Valid and invalid code-page conversions

Sometimes converting from one code page to another garbles the data. This section states rules for determining if a particular code-page conversion garbles the data. In these rules, source code page means the code page you are converting from, target code page means the code page you are converting to, and a valid code-page conversion is one that does not garble the data. The rules are:

A code-page conversion is valid if each character that appears in the source code page appears in the target code page.

For example, it is valid to convert from the IBM850 code page (used for Latin-alphabet languages of western Europe and the Americas) to the ISO8859-1 code page (also used for Latin-alphabet languages of western Europe and the Americas) because each character that appears in IBM850 appears in ISO8859-1. Similarly, it is not valid to convert from the CP949 code page (used for Korean) to the KSC5601 code page (also used for Korean) because CP949 contains characters that KSC5601 does not.
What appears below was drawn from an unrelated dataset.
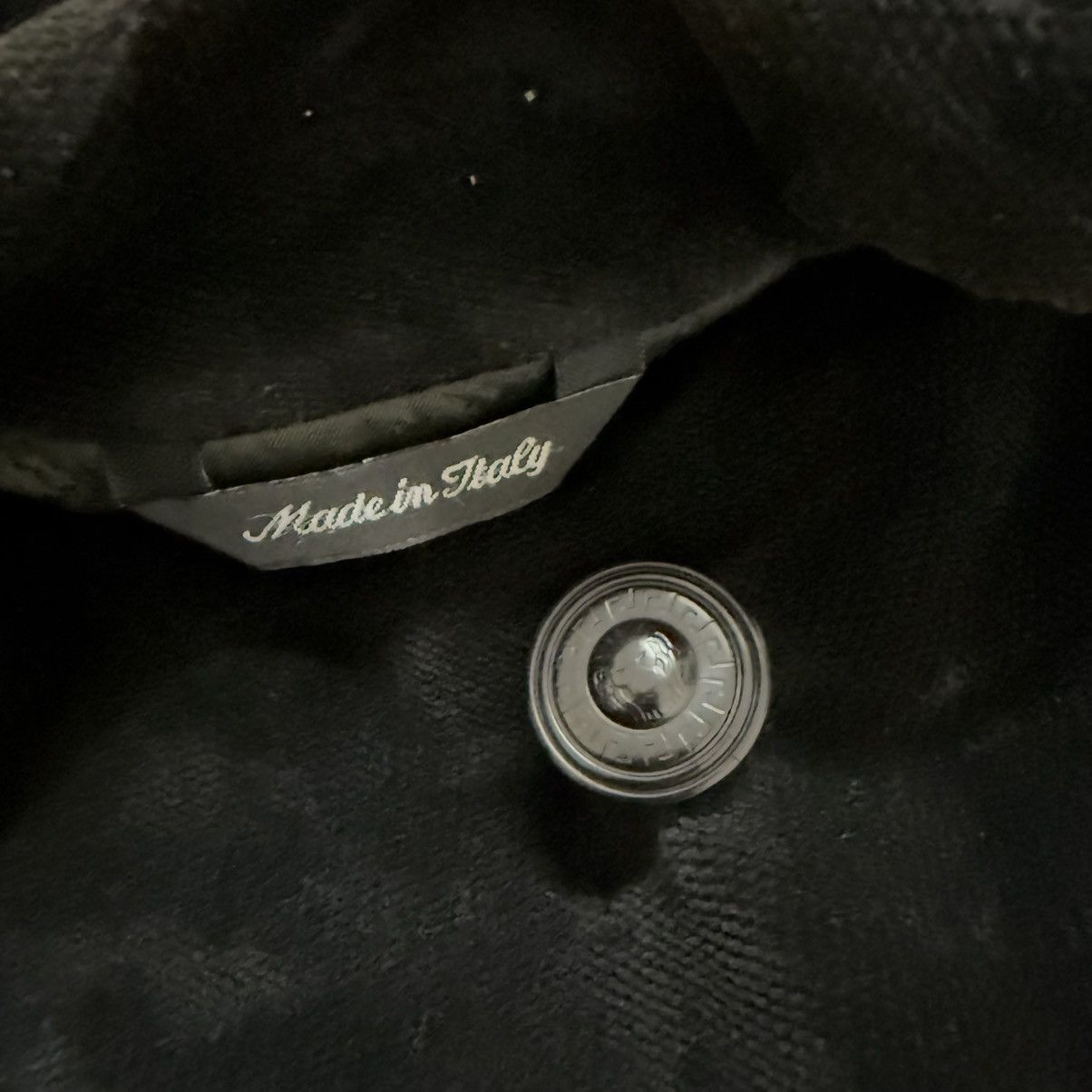 Versace Vintage Gianni Versace VERSUS Velvet Coat Jacket Size US L / EU 52-54 / 3 - 6 Thumbnail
A code-page conversion is valid if every character that appears in the data appears in the target coded page.

Sometimes, although one or more characters in the source code page do not appear in the target code page, none of these troublesome characters appears in the data. For example, suppose that you want to convert data from one code page to another, and that the source and target code pages are identical except that the source code page contains the Euro currency character while the target code page does not. If the Euro currency symbol does not appear in the data, this code-page conversion is valid.

To check a text file for the presence of a particular character, use the PROUTIL utility with the CONVCHAR CHARSCAN qualifier. For more information on this technique, see Using Databases.